Effects of nicotinic antagonists on working memory performance in young rhesus monkeys

Nicholas A Upright  1 Mark G Baxter  2
Affiliations

Effects of nicotinic antagonists on working memory performance in young rhesus monkeys

Nicholas A Upright et al. Neurobiol Learn Mem. 2021 Oct.

Abstract

Acetylcholine plays a pivotal neuromodulatory role in the brain, influencing neuronal activity and cognitive function. Nicotinic receptors, particularly α7 and α4β2 receptors, modulate firing of dorsolateral prefrontal (dlPFC) excitatory networks that underlie successful working memory function.

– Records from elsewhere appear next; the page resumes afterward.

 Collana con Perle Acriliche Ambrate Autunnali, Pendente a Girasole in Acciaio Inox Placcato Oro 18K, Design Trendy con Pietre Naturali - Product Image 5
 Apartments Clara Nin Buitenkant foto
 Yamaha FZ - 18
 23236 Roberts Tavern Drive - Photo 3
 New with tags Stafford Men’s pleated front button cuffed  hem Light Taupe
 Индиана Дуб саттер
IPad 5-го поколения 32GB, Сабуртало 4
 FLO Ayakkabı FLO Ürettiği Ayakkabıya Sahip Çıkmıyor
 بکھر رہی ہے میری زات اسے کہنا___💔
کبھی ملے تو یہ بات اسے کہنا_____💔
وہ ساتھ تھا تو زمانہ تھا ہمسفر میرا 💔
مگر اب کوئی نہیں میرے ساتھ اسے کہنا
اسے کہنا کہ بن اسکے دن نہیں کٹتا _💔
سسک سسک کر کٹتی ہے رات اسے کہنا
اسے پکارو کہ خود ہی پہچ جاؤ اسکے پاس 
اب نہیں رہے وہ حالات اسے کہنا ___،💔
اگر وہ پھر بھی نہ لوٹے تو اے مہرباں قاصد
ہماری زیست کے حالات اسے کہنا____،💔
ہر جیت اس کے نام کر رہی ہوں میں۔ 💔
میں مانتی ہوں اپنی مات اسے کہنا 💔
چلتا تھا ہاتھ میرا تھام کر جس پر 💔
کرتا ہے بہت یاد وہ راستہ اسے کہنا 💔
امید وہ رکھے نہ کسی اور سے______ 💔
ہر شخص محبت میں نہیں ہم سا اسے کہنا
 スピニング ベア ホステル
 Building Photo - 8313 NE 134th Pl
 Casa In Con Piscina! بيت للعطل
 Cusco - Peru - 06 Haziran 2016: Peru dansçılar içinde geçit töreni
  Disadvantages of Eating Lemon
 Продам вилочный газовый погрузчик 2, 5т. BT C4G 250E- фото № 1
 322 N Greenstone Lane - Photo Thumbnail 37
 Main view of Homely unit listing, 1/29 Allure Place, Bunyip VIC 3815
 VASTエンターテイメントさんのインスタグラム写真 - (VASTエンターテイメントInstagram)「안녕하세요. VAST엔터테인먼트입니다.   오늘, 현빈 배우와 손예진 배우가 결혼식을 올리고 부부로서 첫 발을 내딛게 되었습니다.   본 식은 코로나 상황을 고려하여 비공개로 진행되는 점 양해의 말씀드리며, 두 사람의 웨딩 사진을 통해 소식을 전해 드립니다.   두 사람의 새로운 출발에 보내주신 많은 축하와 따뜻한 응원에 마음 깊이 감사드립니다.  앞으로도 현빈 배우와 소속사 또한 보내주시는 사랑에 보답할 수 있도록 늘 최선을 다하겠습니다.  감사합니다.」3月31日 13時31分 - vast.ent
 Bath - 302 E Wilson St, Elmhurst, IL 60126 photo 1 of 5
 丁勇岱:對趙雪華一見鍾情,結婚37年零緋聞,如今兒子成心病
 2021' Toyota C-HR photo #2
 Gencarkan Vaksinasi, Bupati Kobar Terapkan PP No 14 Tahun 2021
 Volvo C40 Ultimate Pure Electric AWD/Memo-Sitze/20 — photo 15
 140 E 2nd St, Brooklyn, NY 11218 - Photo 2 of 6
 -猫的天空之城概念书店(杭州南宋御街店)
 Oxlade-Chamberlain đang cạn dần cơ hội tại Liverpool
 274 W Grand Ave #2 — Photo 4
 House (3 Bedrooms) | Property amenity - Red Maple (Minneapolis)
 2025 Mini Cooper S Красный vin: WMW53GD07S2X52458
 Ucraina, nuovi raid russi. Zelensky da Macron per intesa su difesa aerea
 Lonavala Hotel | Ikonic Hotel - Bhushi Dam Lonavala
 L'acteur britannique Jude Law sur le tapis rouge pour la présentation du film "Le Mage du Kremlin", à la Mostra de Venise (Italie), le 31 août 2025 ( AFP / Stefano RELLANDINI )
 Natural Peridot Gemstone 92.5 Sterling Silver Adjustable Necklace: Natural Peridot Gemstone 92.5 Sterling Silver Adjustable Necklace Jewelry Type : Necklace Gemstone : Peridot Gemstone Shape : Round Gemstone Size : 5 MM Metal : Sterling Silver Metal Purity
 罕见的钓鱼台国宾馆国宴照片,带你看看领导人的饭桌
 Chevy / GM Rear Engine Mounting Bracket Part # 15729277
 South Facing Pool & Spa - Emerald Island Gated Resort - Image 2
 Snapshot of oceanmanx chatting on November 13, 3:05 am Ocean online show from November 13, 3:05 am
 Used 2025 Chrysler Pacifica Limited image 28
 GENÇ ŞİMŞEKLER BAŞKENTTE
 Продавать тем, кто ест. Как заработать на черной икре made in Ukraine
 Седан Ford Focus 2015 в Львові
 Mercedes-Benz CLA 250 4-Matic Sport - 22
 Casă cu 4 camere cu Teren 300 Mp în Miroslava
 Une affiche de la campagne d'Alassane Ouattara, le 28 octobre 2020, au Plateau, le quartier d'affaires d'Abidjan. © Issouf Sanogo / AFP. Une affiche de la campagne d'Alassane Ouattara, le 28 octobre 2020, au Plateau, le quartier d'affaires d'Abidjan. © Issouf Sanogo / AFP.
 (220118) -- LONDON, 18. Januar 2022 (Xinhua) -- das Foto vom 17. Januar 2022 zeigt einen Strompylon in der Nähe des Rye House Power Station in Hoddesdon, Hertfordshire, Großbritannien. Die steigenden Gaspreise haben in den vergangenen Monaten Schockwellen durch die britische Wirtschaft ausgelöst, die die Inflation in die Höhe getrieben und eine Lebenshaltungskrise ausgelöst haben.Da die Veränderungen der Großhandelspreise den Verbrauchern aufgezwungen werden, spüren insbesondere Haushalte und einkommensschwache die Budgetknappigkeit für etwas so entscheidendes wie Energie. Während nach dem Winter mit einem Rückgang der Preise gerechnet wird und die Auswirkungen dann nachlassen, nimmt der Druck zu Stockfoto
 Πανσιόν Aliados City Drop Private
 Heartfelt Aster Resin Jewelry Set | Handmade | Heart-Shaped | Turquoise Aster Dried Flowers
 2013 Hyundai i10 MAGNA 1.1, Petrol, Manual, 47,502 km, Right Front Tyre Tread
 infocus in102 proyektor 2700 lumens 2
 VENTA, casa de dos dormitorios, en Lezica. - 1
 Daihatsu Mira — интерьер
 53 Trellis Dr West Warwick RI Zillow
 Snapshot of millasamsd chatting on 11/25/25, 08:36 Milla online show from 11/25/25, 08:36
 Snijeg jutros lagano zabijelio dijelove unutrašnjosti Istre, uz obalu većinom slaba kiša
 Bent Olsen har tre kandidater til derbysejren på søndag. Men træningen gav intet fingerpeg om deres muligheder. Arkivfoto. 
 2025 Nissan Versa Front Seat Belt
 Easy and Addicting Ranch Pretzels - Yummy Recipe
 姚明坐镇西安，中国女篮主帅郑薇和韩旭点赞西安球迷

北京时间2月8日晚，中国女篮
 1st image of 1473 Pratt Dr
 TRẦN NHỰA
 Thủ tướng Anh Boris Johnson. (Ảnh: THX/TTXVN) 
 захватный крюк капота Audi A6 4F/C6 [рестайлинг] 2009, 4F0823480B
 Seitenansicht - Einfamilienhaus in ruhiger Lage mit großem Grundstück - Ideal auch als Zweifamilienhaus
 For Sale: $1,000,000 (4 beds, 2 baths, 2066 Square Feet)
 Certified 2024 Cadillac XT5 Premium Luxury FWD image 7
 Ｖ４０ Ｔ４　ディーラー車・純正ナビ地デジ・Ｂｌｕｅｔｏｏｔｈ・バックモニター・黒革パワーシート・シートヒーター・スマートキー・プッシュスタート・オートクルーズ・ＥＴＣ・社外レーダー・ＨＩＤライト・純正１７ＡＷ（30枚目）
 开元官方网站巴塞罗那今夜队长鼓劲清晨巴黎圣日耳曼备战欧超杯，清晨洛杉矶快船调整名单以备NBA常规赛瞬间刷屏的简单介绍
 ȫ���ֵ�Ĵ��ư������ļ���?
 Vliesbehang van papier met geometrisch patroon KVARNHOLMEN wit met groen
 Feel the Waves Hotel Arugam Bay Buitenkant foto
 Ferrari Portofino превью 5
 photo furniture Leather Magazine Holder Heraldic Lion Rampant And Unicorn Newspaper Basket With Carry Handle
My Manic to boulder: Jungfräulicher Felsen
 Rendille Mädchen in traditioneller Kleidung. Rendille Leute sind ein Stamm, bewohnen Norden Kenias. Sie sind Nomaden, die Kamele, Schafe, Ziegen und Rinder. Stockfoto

Minimal work however has been done examining working memory following systemic blockade of nicotinic receptor systems in nonhuman primates, limiting the ability to explore interactions of other neuromodulatory influences with working memory impairment caused by nicotinic antagonism. In this study, we investigated working memory performance after administering three nicotinic antagonists, mecamylamine, methyllycaconitine, and dihydro-β-erythroidine, in rhesus macaques tested in a spatial delayed response task. Surprisingly, we found that no nicotinic antagonist significantly impaired delayed response performance compared to vehicle. In contrast, the muscarinic antagonist scopolamine reliably impaired delayed response performance in all monkeys tested. These findings suggest there are some limitations on using systemic nicotinic antagonists to probe the involvement of nicotinic receptors in aspects of dlPFC-dependent working memory function, necessitating alternative strategies to understand the role of this system in cognitive deficits seen in aging and neurodegenerative disease.

Keywords: Monkey; Nicotinic; Prefrontal; Working memory.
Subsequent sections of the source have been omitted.